I can't be angry at Kurt Cobain for denying me potential entertainment to come or for leaving the living. Suicide is far too complex to dismiss with an argument such as: If you were twentysomething, married to a rock star, had a healthy little daughter, a beautiful house or two, and millions of dollars, wouldn't you kill yourself?

I can be angry at his death, his absence, but only for the sake of his now-fatherless daughter, Frances Bean, who will turn two years old in August. In a 1992 interview published in Spin, Cobain and his wife, Courtney Love, talked about parenthood. They were asked if they might have another child. "She's already pregnant," Cobain responded, playing the smartass. "I'm thinking three, Kurt's thinking two," Love added. "I'm thinking financially," Cobain said. Love also told Spin that, other than undue media attention, her daughter was "guaranteed a 100 percent perfect childhood." The interview ends with Love commenting that "a mom and a dad is a really important thing to have." Cobain concurred: "Yes, I'm really old-fashioned." In another interview, Cobain said, "I have a wife and a child. I still love the band, but it isn't the only thing I'm living for." In retrospect one has to wonder what it would have taken to keep Cobain alive. If he'd turned out to be a gas station attendant instead of the biggest rock star of the early Nineties, would he have endured?

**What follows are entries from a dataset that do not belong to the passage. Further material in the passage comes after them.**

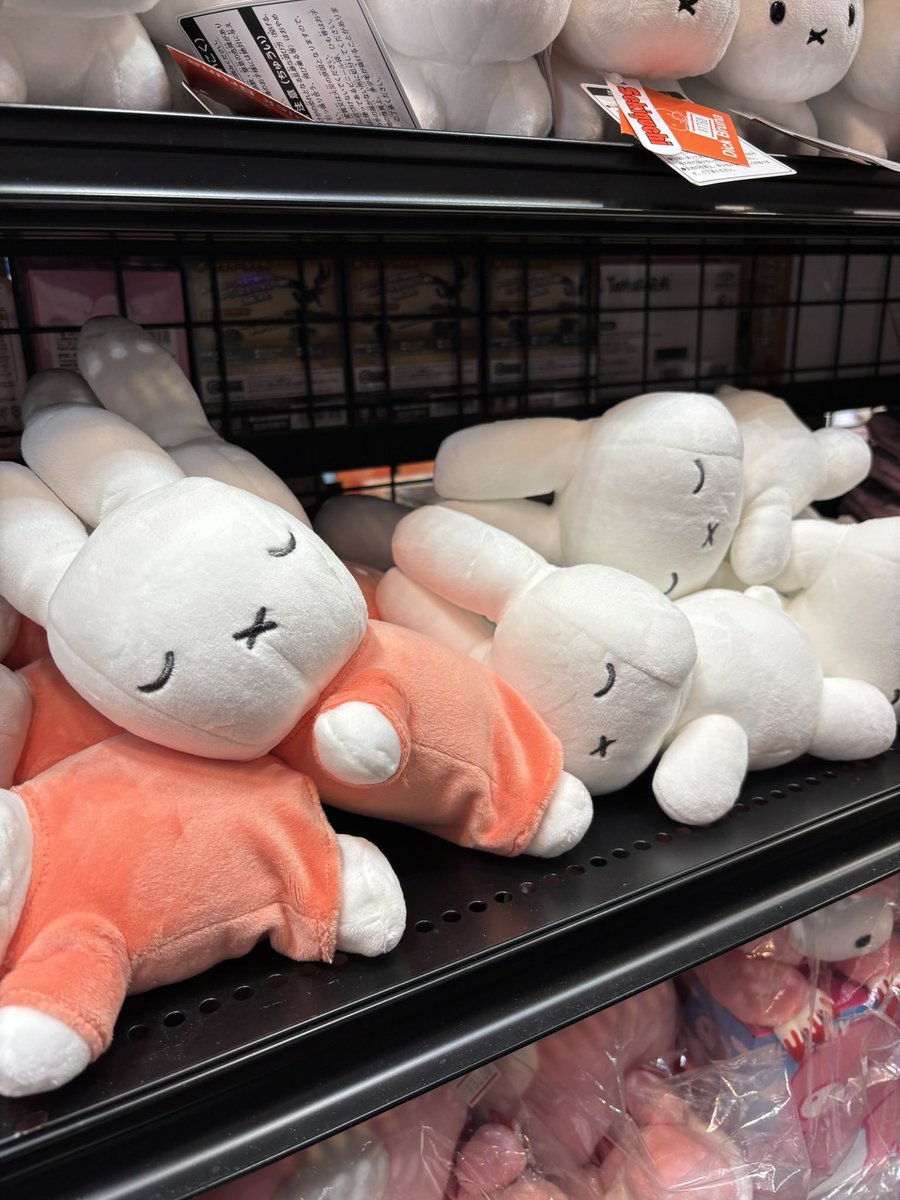 lammaki1's tweet photo. かわいいうさちゃん💕
🐰[#ミッフィー]🐰
新作グッズ入荷しました💖✨
💤【すやすやフレンド】💤
👜【バッグチャーム】👜
🤎ミルクチョコ
🩷イチゴチョコ
そしてオススメは・・
四足歩行が愛くるしい
ぬいぐるみです🥰
他にもミッフィーグッズ
たくさん展開中です✨✨
是非遊びに来てくださいね☺️✨ https://t.co/YuIrKJQxkT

I can also be angry at his record company (Geffen) and the rest of his handlers. When one of your cash cows knocks himself into a coma with alcohol and Rophies, you should protect your investment (and show a little compassion) by keeping an eye on him. You don't have to put him in a straitjacket and lock him in a padded room, but Cobain reportedly wasn't seen for days before his corpse was discovered. He needed a babysitter. No one, apparently, was available to fill that role.

In the short run, Geffen will make big money from the standard posthumous buying boom. And fortunately for the label, the new album by Hole, the band fronted by Courtney Love, went out in the mail at about the same time Cobain was taking aim at his brain. The Hole album should be in record stores now. It should sell tons.

The timing of the release of the Hole album is sheer coincidence, not vulturelike opportunism by Geffen. (That will come later with the Nirvana's "greatest hits" album.) And the Hole album's title is also a coincidence, but a chilling one. It's called Live Through This.